You know how every so often, we’ll get a story about Bill Belichick exploiting some obscure loophole in order to give the Patriots a better opportunity in a certain scenario? What Browns head coach Freddie Kitchens did in Sunday’s 27-13 loss to New England is the opposite of that.
The Browns were down 27-10 when they faced a fourth-and-11 situation on their own 24-yard line with 6:17 remaining in the game. They had one timeout left. The punt team came on, but the ball was never snapped. Cleveland’s KhaDarel Hodge was flagged for a five-yard false start penalty. Now facing a fourth-and-16, the offense came back on the field to try and go for it from its own 19-yard line. Quarterback Baker Mayfield was sacked, and the Browns turned the ball over on downs.

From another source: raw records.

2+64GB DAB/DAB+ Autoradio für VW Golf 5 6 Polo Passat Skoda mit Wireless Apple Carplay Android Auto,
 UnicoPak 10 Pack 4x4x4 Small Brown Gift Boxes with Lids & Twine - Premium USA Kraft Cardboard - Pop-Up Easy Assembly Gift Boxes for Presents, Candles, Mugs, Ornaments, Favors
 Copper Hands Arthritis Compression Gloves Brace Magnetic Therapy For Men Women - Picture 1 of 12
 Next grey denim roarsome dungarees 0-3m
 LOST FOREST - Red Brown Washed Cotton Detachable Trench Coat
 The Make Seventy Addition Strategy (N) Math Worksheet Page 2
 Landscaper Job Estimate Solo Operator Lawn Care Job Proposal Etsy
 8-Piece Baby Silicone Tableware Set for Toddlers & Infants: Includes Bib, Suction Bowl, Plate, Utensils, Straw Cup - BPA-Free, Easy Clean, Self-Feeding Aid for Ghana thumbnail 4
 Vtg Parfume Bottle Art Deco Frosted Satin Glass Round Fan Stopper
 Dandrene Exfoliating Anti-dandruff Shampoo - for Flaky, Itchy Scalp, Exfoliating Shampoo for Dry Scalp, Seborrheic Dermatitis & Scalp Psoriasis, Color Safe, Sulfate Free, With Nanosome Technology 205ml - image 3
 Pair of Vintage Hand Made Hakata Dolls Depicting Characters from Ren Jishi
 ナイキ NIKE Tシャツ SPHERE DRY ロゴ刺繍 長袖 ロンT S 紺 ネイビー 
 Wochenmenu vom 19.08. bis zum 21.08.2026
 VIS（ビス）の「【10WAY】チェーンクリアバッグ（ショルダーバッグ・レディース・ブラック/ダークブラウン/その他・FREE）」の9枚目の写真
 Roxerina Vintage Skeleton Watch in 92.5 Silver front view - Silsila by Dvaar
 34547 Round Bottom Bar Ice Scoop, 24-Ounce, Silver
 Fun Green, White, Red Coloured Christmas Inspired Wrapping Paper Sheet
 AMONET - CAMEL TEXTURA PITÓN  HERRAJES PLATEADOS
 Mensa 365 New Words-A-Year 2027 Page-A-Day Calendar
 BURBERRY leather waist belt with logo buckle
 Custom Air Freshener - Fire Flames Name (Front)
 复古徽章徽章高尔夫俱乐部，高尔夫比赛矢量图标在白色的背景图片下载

As first revealed by CBS sideline reporter Tracy Wolfson during the game, and then confirmed by Kitchens afterward, Hodge’s penalty was intentional. The head coach wanted to draw a flag so that he could stop the clock, but preserve the team’s final timeout. Via Cleveland.com:
I didn’t want to use the timeout and I wanted to go for it. We had half of our guys running off, half of our guys running on and I wasn’t giving up right then by punting the ball to them. The only chance that we had was to convert for a [first] down and then we didn’t. The defense’s job is to go out there and stop them and they did, so it gave us a chance. I was still trying to win the game.
Kitchens reiterated today that he was trying to save as much time as possible, even though one timeout and the two-minute warning still would not have been enough to force the Patriots to punt, assuming that the Browns were somehow able to trim the gap on a three-possession game within the remaining six minutes:
Man, a team leader making the shortsighted decision to intentionally sabotage his employees’ situation for a slim chance at a small, ultimately meaningless reward? As an employee of G/O Media, I can’t relate to such a thing. The Browns lost, 27-13.